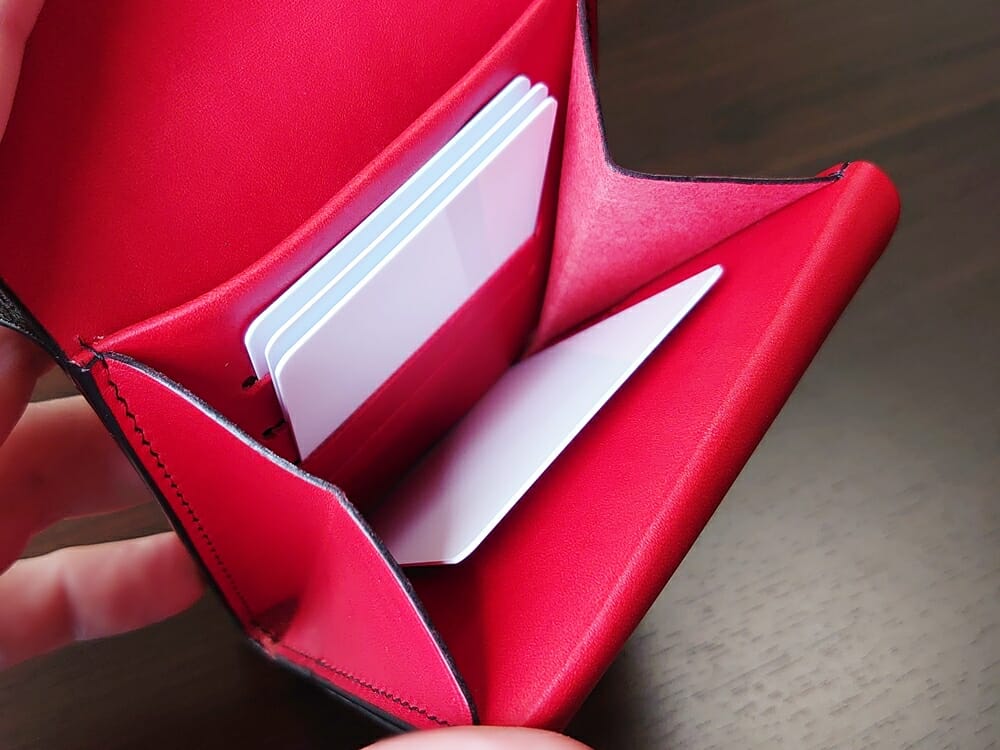 リスシオ ショート財布「Black x Red」NIBUR（ニブール）Mens Leather Store（メンズレザーストア）マルチポケット 使い勝手 カードを入れる 2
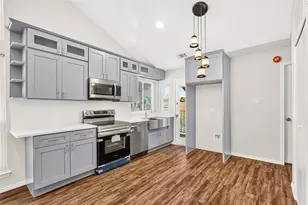 5705 Marvin Loving Dr, Garland, TX 75043 - Photo 18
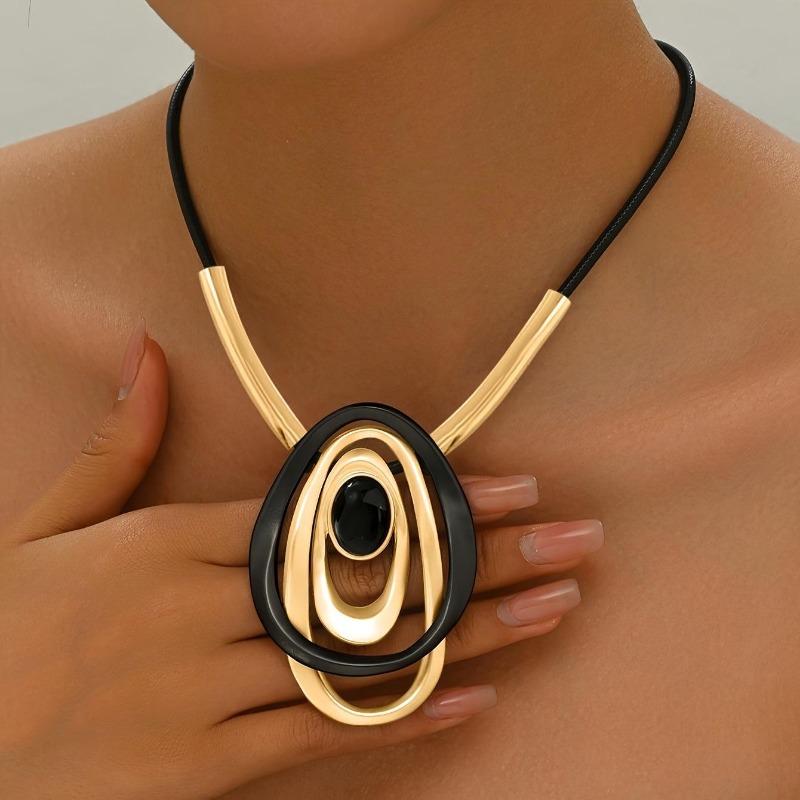 Exquisite and Simple Geometric Pendant Necklace - Versatile European Style Jewelry, Suitable for Daily Wear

* * *

(PROBLEM REQUIREMENTS):
Every line of the listing above is to be repeated exactly, with its pictures left out.

(RESPONSE TO THIS TASK):
 リスシオ ショート財布「Black x Red」NIBUR（ニブール）Mens Leather Store（メンズレザーストア）マルチポケット 使い勝手 カードを入れる 2
 5705 Marvin Loving Dr, Garland, TX 75043 - Photo 18
 Exquisite and Simple Geometric Pendant Necklace - Versatile European Style Jewelry, Suitable for Daily Wear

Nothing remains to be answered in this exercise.